The Many British English Accents
How many English accents are there? British and American, everyone knows. Do you know any other English accents?
You might think of Australian, New Zealand..
Yet, even though Britain is such a small island, there are many varieties of English here, as you may have noticed!
Even within one small part of the UK, there can be completely different English accents. For example, Liverpool and Manchester are only 50 km apart, but sound very different to even a casual listener. Other accents show gentler shading into each other, but are still quite distinctive relatively quickly.
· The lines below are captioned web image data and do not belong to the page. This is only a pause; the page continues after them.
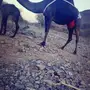خلفة منيحة منوة القناي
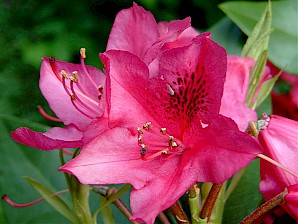 Blüte eines Rhododendron (Foto von Jochen Schneider aka LimboDancer 2004 CC-BY-SA-3.0)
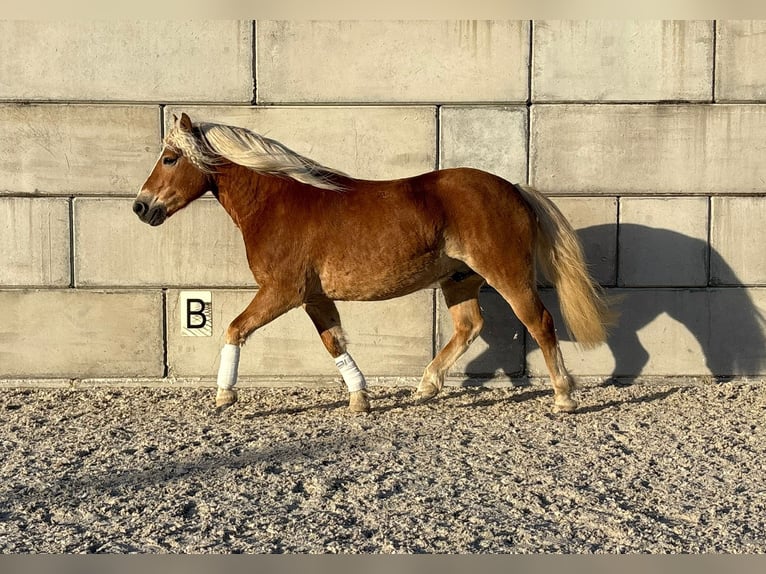 Hafliger Wałach 5 lat 145 cm in Wiesenfelden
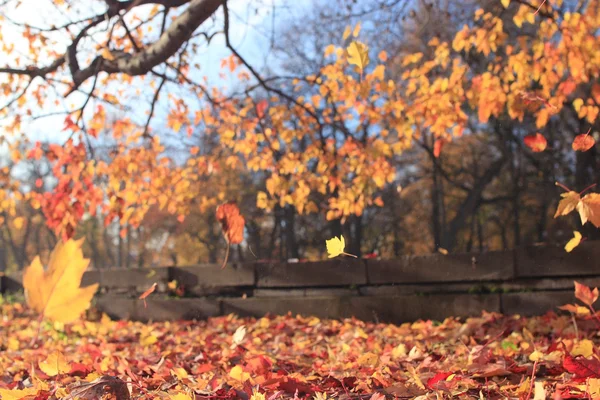 Paysage d'automne dans la nature — Photo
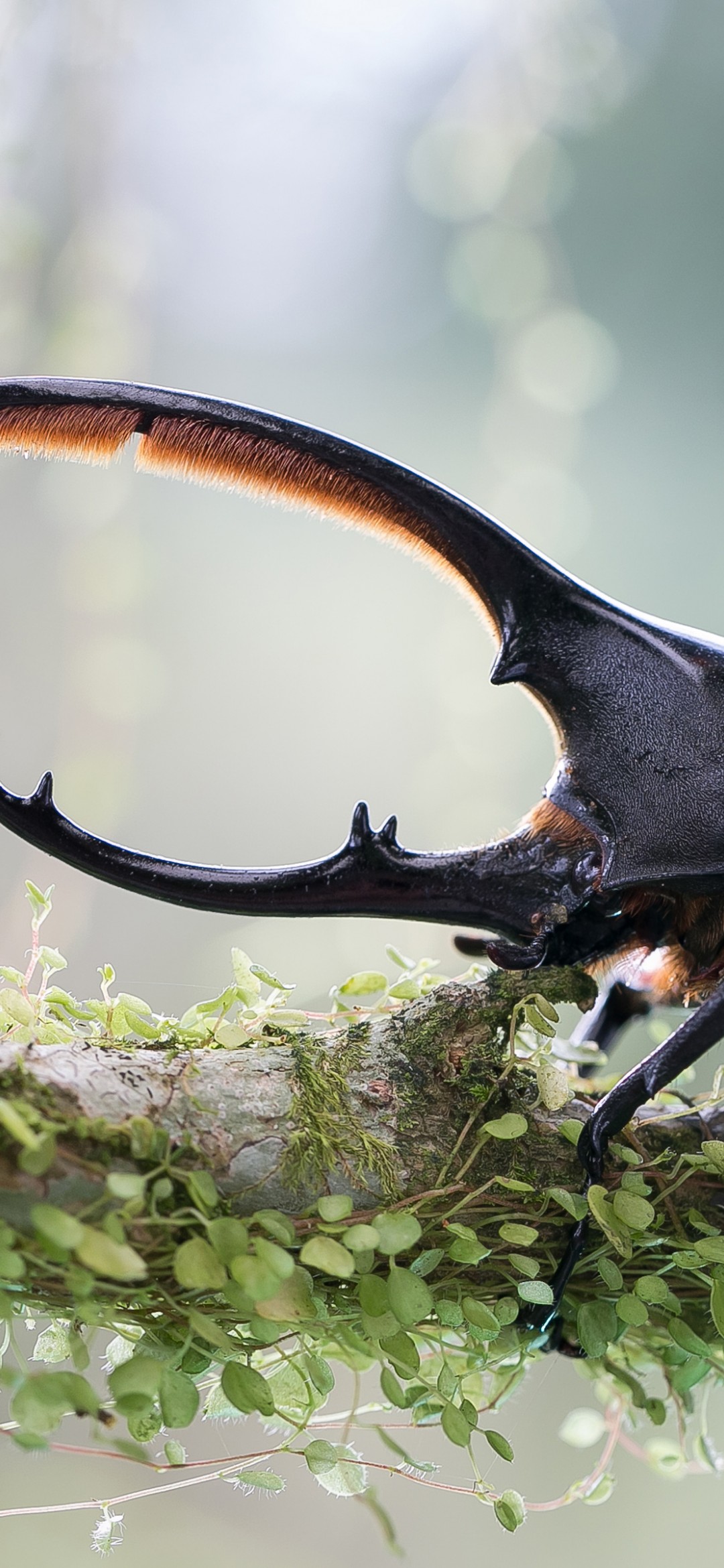 Download Stag Beetle Green Frog Wallpaper in 1080x2340 Resolution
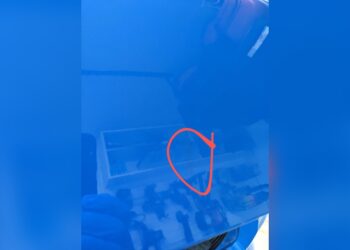 Dr Colorchip Vs Chipex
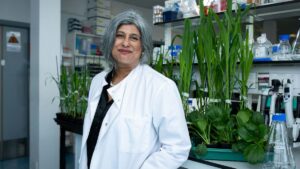 SOLASTA Bio Hits U.S. Regulatory Milestone As Field Demo Beats Decade-High Whitefly Surge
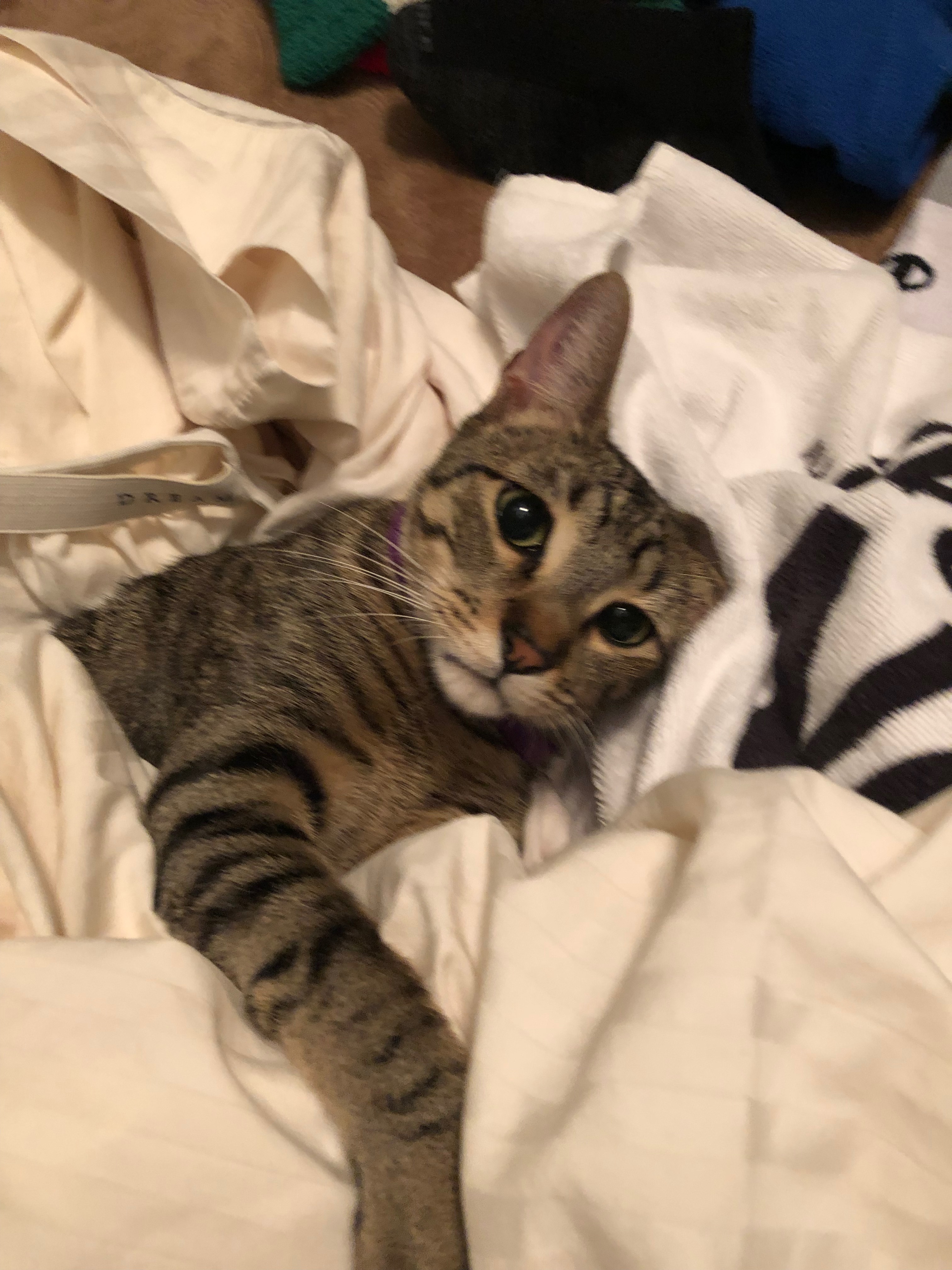 Cadet, Adoptable, Young Male Tabby.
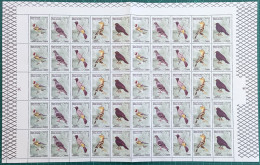 Syria NEW MNH 2024 Issue - Birds, Complete Set 5v. Se-tenant - FULL SHEET - Syrien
There are too many British accents to list, and if I tried to, it would offend some British people who felt that an accent they especially loved had been left off the list, or that I had included one area with another, when there is local rivalry. The following link gives a quick overview of a few accents, and celebrities who speak with them, to show you some of the variety involved. Youtube- 17 British accents
Even in the comments section, you will notice how many British people mock her accents, but I don’t think they are so bad!
How can learners of English deal with all this variety?
There are a few pointers you can take-
The London accent, which is probably the one you will encounter most often, is quite distinctive. Traditionally, Londoners will-
• Drop the letter “H” at the beginning of words- they don’t say “hat”, but “at”.
• Drop the letter “T” at the end, and sometimes in the middle, of words- they don’t say “get out of my pub”, but “ge’ ou’ o’ my pub!”, and may say “bu’er” instead of “butter”
• “Th” can become “f”, so the word “think” may be pronounced “fink”.
Really broad London accents will have other features, but these three features are fairly common even in the accents of educated people.
The other broad collection of accents that may be useful to know some features of are northern ones. There is enormous variety here, but a few features in common. Two of these are-
• Short “a” sound in many words- Northerners often say “bath”, Southerners “ba:th”. The sound of the “a” in “ham” is used by northerners in “grass”, “glass”, or “pass.”
• “U” is pronounced as in “book”- rarely ever as in “but”. Even “up” will become something like “uup”.
However difficult an accent may seem, spend enough time in the area, speaking to those who use it, and you will pick it up.